O projeto de lei SOPA, há pouco derrotado nos Estados Unidos, procurava, entre outras coisas, remover as provisões de porto seguro. Para fazê-lo, tornava os fornecedores de serviços, e outros, responsáveis por material infringente abrigado nos seus servidores. Isso teria levado estes fornecedores, refratários ao risco, a multiplicar as práticas de autocensura e de policiamento do conteúdo compartilhado pelos utilizadores – provocando a remoção de imensa quantidade de material não-infringente. Cory Doctorow [um jornalista e escritor ligado à defesa do Conhecimento Livre], lembrou que os computadores [e, portanto, os servidores dos serviços de hospedagem] são ferramentas de uso múltiplo que tratam todos os dados da mesma forma. Portanto, a única maneira de adotar medidas preventivas de vigilância permanente contra infrações (ao invés de políticas baseadas em notificação) seria monitorizar todo o tráfego e bloquear as ferramentas de participação dos usuários… De fato, “as tentativas de criar redes imunes a infração de propriedade intelectual sempre levam a medidas de vigilância iguais às usadas pelos regimes repressores”. Como a regulamentação de propriedade intelectual costuma assumir formas invasivas, ela acaba tornando-se um tema relevante de liberdade, e não (ao contrário do que às vezes se pensa) simples estupidez política.

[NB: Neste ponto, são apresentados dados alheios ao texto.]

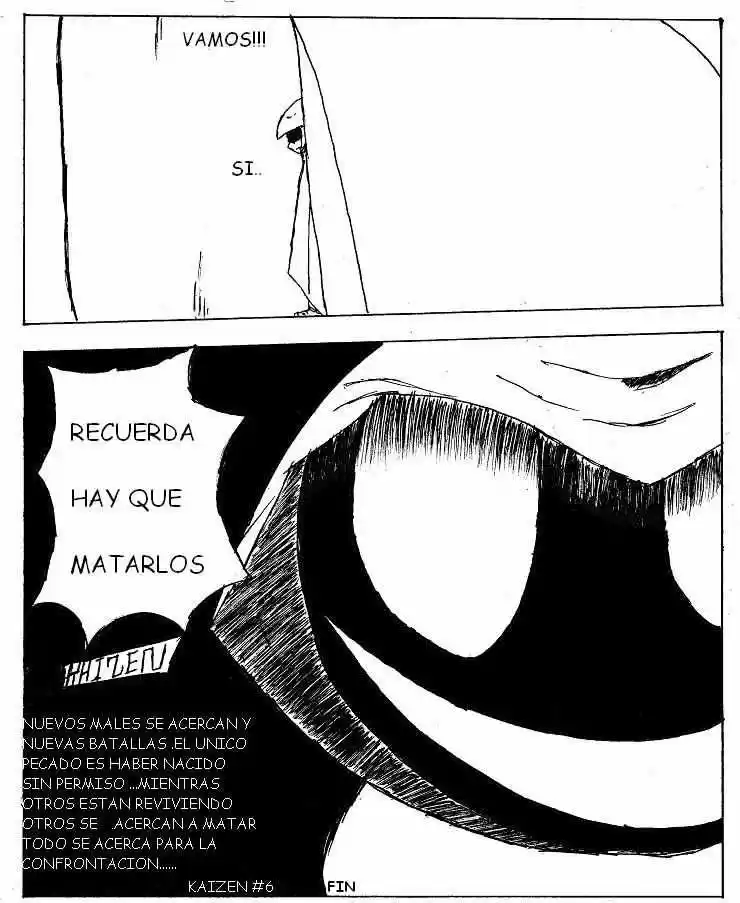 Kaizen - Capítulo 6 - Página 21 - LectorTMOo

Como ja lido no texto PROPRIEDADE INTELECTUAL E O MUNDO DIGITAL, Com o surgimento da Internet e de tecnologias que facilitam a distribuição de documentos digitais, sejam eles programas, livros, poesias, fotos, música, etc., a propriedade intelectual dessas obras está sendo constantemente atingida. E grandes corporações piratas se utilizam dessa possibilidade de falsificação para de forma ilegal conseguirem lucrar com a venda dessas falsificações, como a noticia mostra os governos de diversos países preocupados com o crescente mercado negro das falsificações e piratarias vem se reunindo e propondo acordos e tratados internacionais visando claro conter esses criminosos cibernéticos.